エッセイのようなもの

春爛漫あやせ

亡霊と妄想。

 先日、ピアノのコンクールのためにホールを借りた。そのコンクールは二次審査が映像を撮って送るというもので、そのために借りた幾つかのホールの、最後に借りていたのがそこだった。

 ピアノのメーカーがいいという理由でわざわざ借りた大ホールだったので、ピアノの音はとてもよく、母が途中で帰ったので広いホールに一人きりなのを少し寂しく思いながらも、気持ちよく弾いていた。ピアノをやっている方はご存知かもしれないが、ベーゼンドルファーというメーカーの、低音がよく響く豊かな音のピアノだった。高音も柔らかく澄んだ美しい音色で、それが大ホールの高い天井に反響するのをやや陶然として聴きながら、そろそろ録音しよう、マイクをオンにしようと思い、立ち上がってふと上を見上げた。

 人がいたのである。

 お分かりだろうか、席が向こうの方まで続いているその終わりに、ガラス張りの窓があって、恐らくそこにまた席があり、そこに座ってこちらを見ていたのである。女の人のようだった。何しろ遠かったし、目が悪いのでぼんやりとしか見えなかったが、三十代から四十代の女性に見えた。私はびっくりして、「え?え?」と言いながら何回も見直したが、やっぱりその人はそこにいた。

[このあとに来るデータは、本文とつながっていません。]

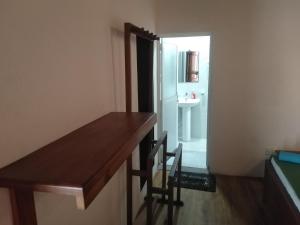 a room with a table and a bathroom with a sink at Solace Transit Villa in Katunayake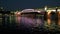 Two boats sail under the bridge in evening Moscow.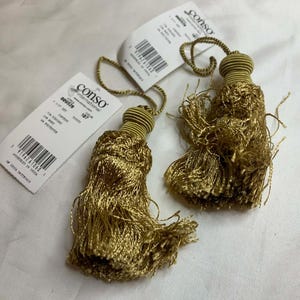 May include: Two gold decorative tassels with matching cord loops and tags. The tassels are made of a shiny, fringed material. The tags are white with black text and a barcode.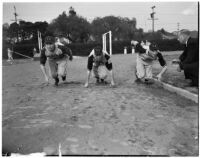 Dean Cromwell coaching new players on the Los Angeles Angels baseball team, Los Angeles, 1940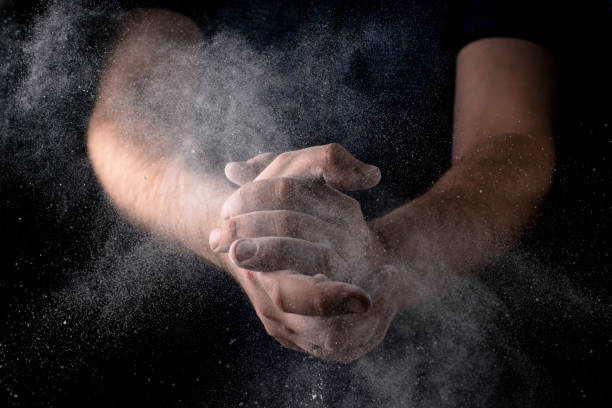 istock A man claps his hands with scattering flour against a dark background. Culinary theme. 1401317756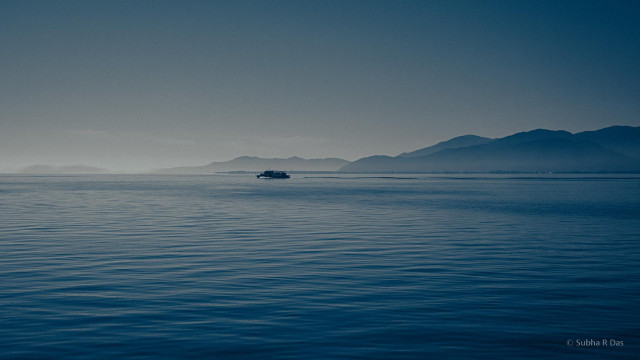 Very blue picture taken from a boat/ferry of the blue waters of Lake Biwa with blue slight hazy sky and dark silhouette of mountains mostly to the right breaking up the horison and in the distance almost center of frame a boat/ferry in the water
Lake Biwa Nov 2025 #Japan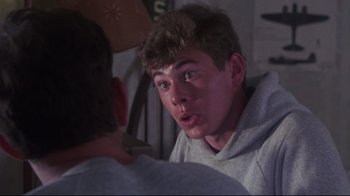 Movie still from “Summer of '42” (1971), directed by Robert Mulligan – A young man looking at another young man in a room; Close Up shot, Over the shoulder angle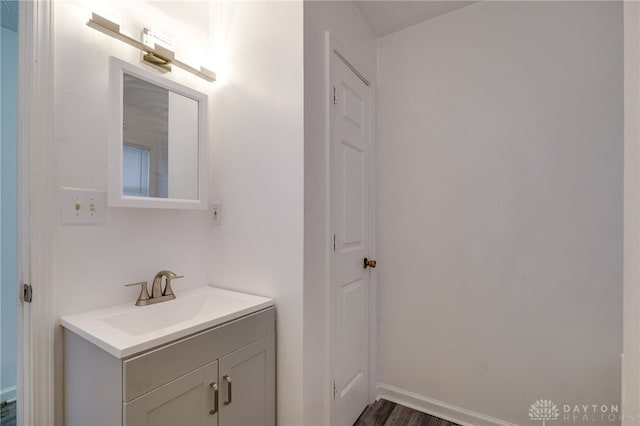 bathroom featuring wood-type flooring and vanity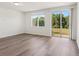 Bright open living room with wood flooring and sliding glass door access to patio at 16419 Bird Of Paradise Ave, Clermont, FL 34714
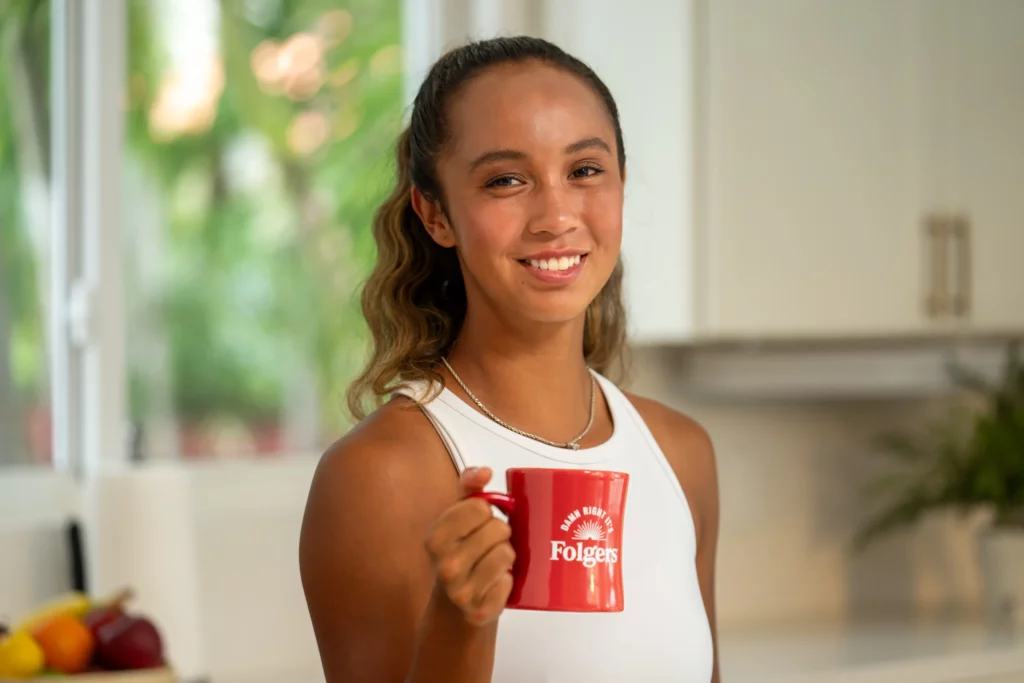 A woman in a white sleeveless top holds a red Folgers coffee mug and smiles in a bright kitchen with fruit visible in the background.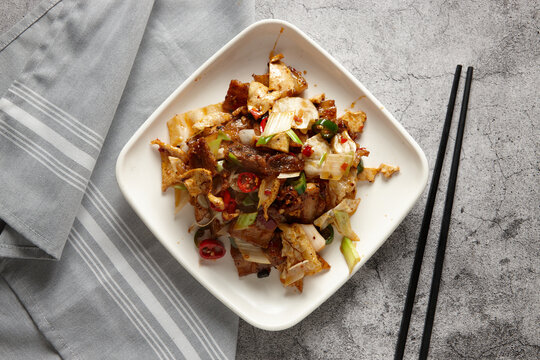 Stir fried pork slices with vegetables with black chopsticks resting on the surface counter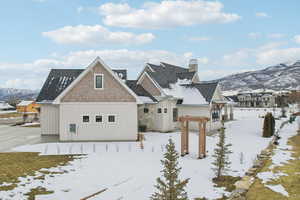 Snow covered back of property featuring a chimney and a mountain view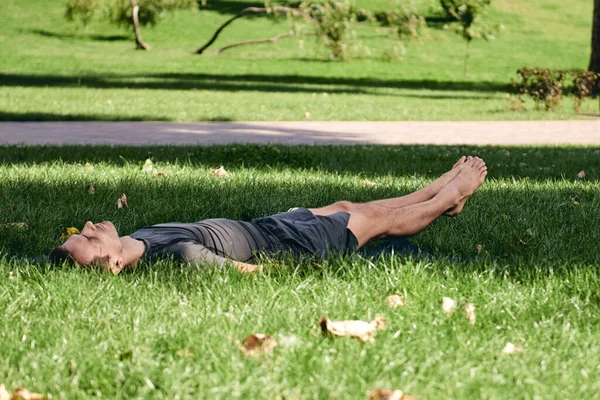 Young athletic man in sportswear doing yoga in the park. Practice asana outdoors. People exercising stretching on green grass with yoga mat. Fitness and healthy lifestyle. Concept of calm and meditation.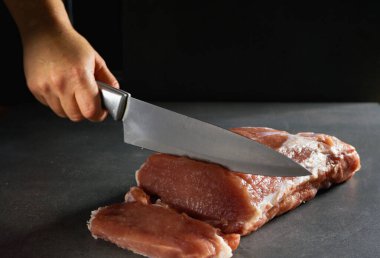 Şef taze çiğ eti bifteğe çeviriyor. Gri arkaplanda yakın plan.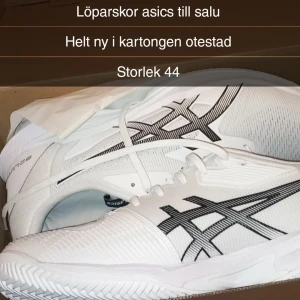 Vita löparskor från Asics - Säljer ett par helt nya vita Asics löparskor, modell Solution Speed FF 3 Clay. Skorna har en stilren design med svarta detaljer och snörning. Perfekta för löpning och andra aktiviteter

 さあ困ったな、出演者と関係者以外立ち入り禁止の札が楽屋前に立っていたから、何かコンサートでもあるのかと勘違いしたんだろうか…。いやいやコンサートなんてそんなすごいものではない、ただのアマチュアピアノ弾きの自撮りである。その証拠に、お客さんはあなた一人ですよ。

 どうしよう、あそこまで行って説明してこようかなと迷ったが、結局やめにした。一人だし、すぐ出ていくだろうし、まあいいかと思った。もしかしたらコンサートを最期に聴きたくて聴けなかった、どこかの亡霊かもしれないしね。

 そうして録音しながら弾いていると、あの存在も悪くないなと思えてきた。誰にも聞かれていないと、だんだん飽きてきて演奏が投げやりになってしまう。といって、聴いている人が多すぎても、緊張して上手く弾けない。その点あの人は一人だし、遠くだし、ちょうどいい緊張具合だ。もちろん、何度も弾き直したりして練習するのに遠慮はしないが。

 その人は多分全然知らない人だったが、その人だけに向けて演奏していると、妙な親近感が湧いてきた。遠くだからかもしれない。近くで聞かれると、ある程度親しい人でも、緊張や照れで「その人に向けて弾こう」という意識は薄れてしまう。喋ることもなければ相手の顔も見えないから、生まれる親近感。こういうことって、他にもあるのかしら。

 もう一度見上げると今度は小さな女の子のように見えた。あれ?と思いつつも、見つめると気まずいので、練習を再開。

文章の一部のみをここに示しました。